Amy Siegel was an important member of the Walnut staff from 2008-2013. In 2021, she opened her own shop, Sidekick Coffee, in Woodinville. She plans to continue running Sidekick while taking on the responsibilities of Walnut.

Siegel said she had dreams of a coffee shop in Edmonds for a while. Just over a year and a half ago, she reached out to Stuller and told her she would be interested if she considered selling.

“Within that year,” Siegel said, “she reached out and said, ‘I think we’re ready.’ And the idea of adopting a shop appealed to me. Starting from ground zero is like having a baby. What’s nice about adopting a shop that’s 17 years old (Walnut opened July 8, 2006) is so much of the system – the baristas, the schedule, the operation – is set.”

Siegel lived in Edmonds in the past, but now lives in downtown Bothell with her husband. “I have a lot of connections in Edmonds. I love being near the water, so I can’t get away from Edmonds. It’s my favorite town.”

Like any owner, Siegel said, she plans to make small changes and adjustments. “In the beginning, I’m the big change. But nothing grand – it’ll all be up front. I’ll make sure I have the buy-in of employees and customers before I do things like that.”

There are certainly other popular coffee shops in downtown Edmonds – Starbucks (of course), Waterfront Coffee, Cafe Louvre, and Red Twig are established, and there are newcomers such as Il Viale and Stillhouse Coffee. Each has to have their own personality to succeed.

(Some don’t. Ganache Patisserie and Cafe and the 407 Coffee House both gave it a go on Main Street but didn’t last long. Ganache opened and closed in 2017; 407 opened in 2019 and closed in 2020.)

Friendly service and a homespun atmosphere go a long way.

But there’s the coffee, of course. Seattle's Espresso Vivace’s Vita blend espresso is Walnut's choice. 

“The focus on espresso and having a tighter menu means your drink comes out faster here than almost anywhere else," Siegel said.

"The ability to do high volume is such a small space is something Pam’s done an excellent job with. 

“A lot of what I was trained on and brought inside my shop (in Woodinville) was that we can handle volume as long as we keep things tight. If we’re in the back baking sandwiches, we can’t get through the line making coffee.”

In other words, everything beyond coffee has to be kept simple.

Walnut’s vendors include Salmonberry, Little Red Hen, and Macrina Bakery for scones, muffins, and cookies. Macrina’s goods are brought in every morning to supplement staples the ones that aren’t baked on site. 

A legacy

Stuller said she’s pleased with the legacy she has created for her coffee shop.

Walnut has always been more than just a business to me, and I am so proud of the community we have created together. We all know that Walnut isn’t really mine anyways –  it is truly your shop, Edmonds. We’ve just been grateful to have provided a space that you’ve adopted as your own.

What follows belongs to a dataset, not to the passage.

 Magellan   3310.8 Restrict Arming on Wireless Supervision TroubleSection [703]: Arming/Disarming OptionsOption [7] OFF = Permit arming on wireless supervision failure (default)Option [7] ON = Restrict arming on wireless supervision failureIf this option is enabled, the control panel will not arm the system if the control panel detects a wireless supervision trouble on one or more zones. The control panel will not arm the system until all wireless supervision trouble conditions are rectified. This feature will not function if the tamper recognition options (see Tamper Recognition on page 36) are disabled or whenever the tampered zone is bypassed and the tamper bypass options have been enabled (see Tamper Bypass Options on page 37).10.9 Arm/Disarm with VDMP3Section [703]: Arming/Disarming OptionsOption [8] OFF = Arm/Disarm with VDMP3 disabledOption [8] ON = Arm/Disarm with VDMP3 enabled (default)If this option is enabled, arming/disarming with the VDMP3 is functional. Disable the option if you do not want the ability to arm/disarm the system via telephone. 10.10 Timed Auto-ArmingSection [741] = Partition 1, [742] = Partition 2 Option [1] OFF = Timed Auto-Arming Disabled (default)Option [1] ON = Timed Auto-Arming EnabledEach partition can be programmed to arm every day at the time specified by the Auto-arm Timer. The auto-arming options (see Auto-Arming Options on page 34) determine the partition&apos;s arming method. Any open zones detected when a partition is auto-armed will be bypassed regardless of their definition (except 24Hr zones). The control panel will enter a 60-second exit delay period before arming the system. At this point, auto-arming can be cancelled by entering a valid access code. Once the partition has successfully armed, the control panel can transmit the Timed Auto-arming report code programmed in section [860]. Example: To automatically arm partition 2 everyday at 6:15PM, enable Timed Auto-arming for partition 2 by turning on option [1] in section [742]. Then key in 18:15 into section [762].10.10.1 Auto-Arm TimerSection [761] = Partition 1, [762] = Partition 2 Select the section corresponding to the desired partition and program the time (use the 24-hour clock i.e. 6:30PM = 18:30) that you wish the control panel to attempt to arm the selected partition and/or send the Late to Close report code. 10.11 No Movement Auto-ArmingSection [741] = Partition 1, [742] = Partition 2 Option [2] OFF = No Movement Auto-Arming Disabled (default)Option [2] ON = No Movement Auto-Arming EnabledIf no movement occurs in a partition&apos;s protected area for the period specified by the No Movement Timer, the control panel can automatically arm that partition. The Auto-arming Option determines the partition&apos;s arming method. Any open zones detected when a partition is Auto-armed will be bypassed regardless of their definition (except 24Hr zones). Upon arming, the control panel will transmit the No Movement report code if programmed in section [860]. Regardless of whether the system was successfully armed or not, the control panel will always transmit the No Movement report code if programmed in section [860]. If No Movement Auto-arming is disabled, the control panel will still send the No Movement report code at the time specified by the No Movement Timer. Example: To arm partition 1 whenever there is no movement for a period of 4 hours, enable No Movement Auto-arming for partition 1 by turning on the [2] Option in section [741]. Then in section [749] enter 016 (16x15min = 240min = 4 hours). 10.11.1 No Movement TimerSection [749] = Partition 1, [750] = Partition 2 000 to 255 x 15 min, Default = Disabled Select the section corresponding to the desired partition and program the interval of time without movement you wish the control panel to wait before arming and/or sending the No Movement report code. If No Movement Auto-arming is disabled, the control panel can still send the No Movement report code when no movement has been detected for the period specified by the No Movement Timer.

I think the community loves it because the coffee is always great and our pricing keeps it an affordable luxury. Walnut is welcoming, our staff are kind and caring, we are quick and efficient, there are fun products to look at while you are in line, and you pretty much always leave happier than when you arrived.”

Like Siegel, Stuller agrees that the quality of coffee is key to any coffee shop. That may seem simplistic, but Pacific Northwest coffee lovers don’t return if the brew is subpar.

“It’s great coffee first,” said Stuller. “Great people behind the bar second. And a space that feels good to be in. But then I think our love of the small details and desire to constantly improve are what have kept our business growing every year since we opened. I still love what I do and I think that shines through.”

Stuller said she’s going to take some time to slow down,

“I’ll spend more time with Steve, hang out with my family and friends, travel some, ride my bike more, and maybe even clean out the garage.

“I am grateful for all the customers who’ve become friends and supported us through the years, fellow business owners that are trusted confidants, and my team – past and present – who have enriched my life in ways immeasurable. Thanks for everything Edmonds. I love you!”